氏は目下アメリカン・インターナシヨナル・コーポレーシヨンの総裁にして其他氏が取締役たる会社は左の如し。
 ハスケル・アンド・バーカー商会、ミツドヴェール・スティール・アンド・オードナンス製鉄会社、ユニオン・パシフヰツク鉄道会社マキントシユ・シーモアー会社、オレゴン・シヨートライン鉄道会社、オレゴン・ワシントン鉄道及海運会社、ピークスキル・ライテング・アンド・レールロード・コンパニー、ユーナイテツド・ステーツ・リアルテー・アンド・イムプーヴメント・コンパニー、ナシヨナル・シテー・コンパニー、レール・ジヨイント・コンパニー、エス・ケー・エフ・ボール・ベァリング・コムパニー、インター・ナシヨナル・マーカンテイル・マリーン・コムパニー総務理事、紐育エデイソン・コムパニー監査役、コルソルデーテツド・ギヤス・コムパニー監査役、ノーザン・ウエストチェスター・ライテイングコムパニー監査役、マーカンテイル・セーフ・デポジツト・コンパニー監査役、戦時貯蓄委員長(一九一七年米国政府発行の戦時貯蓄証券発売の為めに大蔵卿より任命せられたり)、カーネギー財団及紐育大学評議員、紐育銀行交換所協会前会頭、レツチウオース・ヴヰレツヂ理事長、紐育州商業会議所実行委員。

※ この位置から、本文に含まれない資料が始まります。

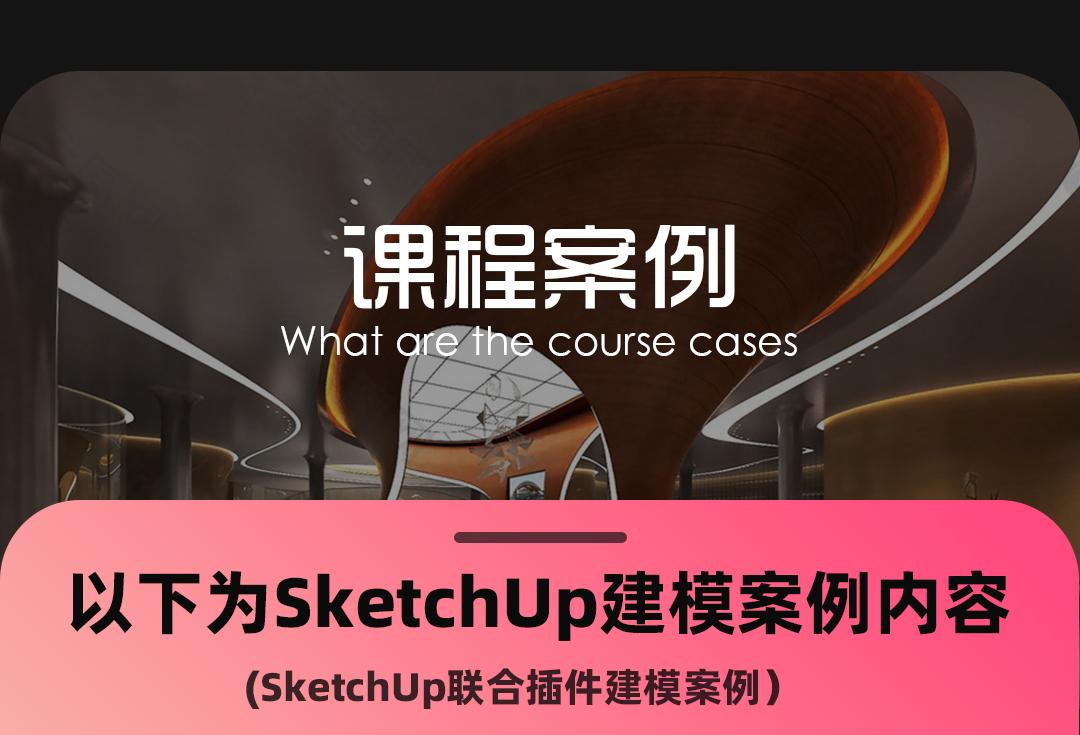 SketchUp零基础到建模大神系统课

氏は一九〇一年財政工業の状態視察の為め渡欧し、一九〇二年白耳義オステンド市に開催せられたる国際商工会議の米国代表者として出席せり、猶ほ戦後の欧洲経済状態視察の為め一九一九年二月渡欧し、帰国後「戦後の欧羅巴」と題する著書を公にせり、氏は左記の倶楽部の会員たり。
紐育市 エコノミツク倶楽部、メトロポリタン倶楽部、インディア・ハウス倶楽部、シテー倶楽部、ユニオン・リーグ倶楽部。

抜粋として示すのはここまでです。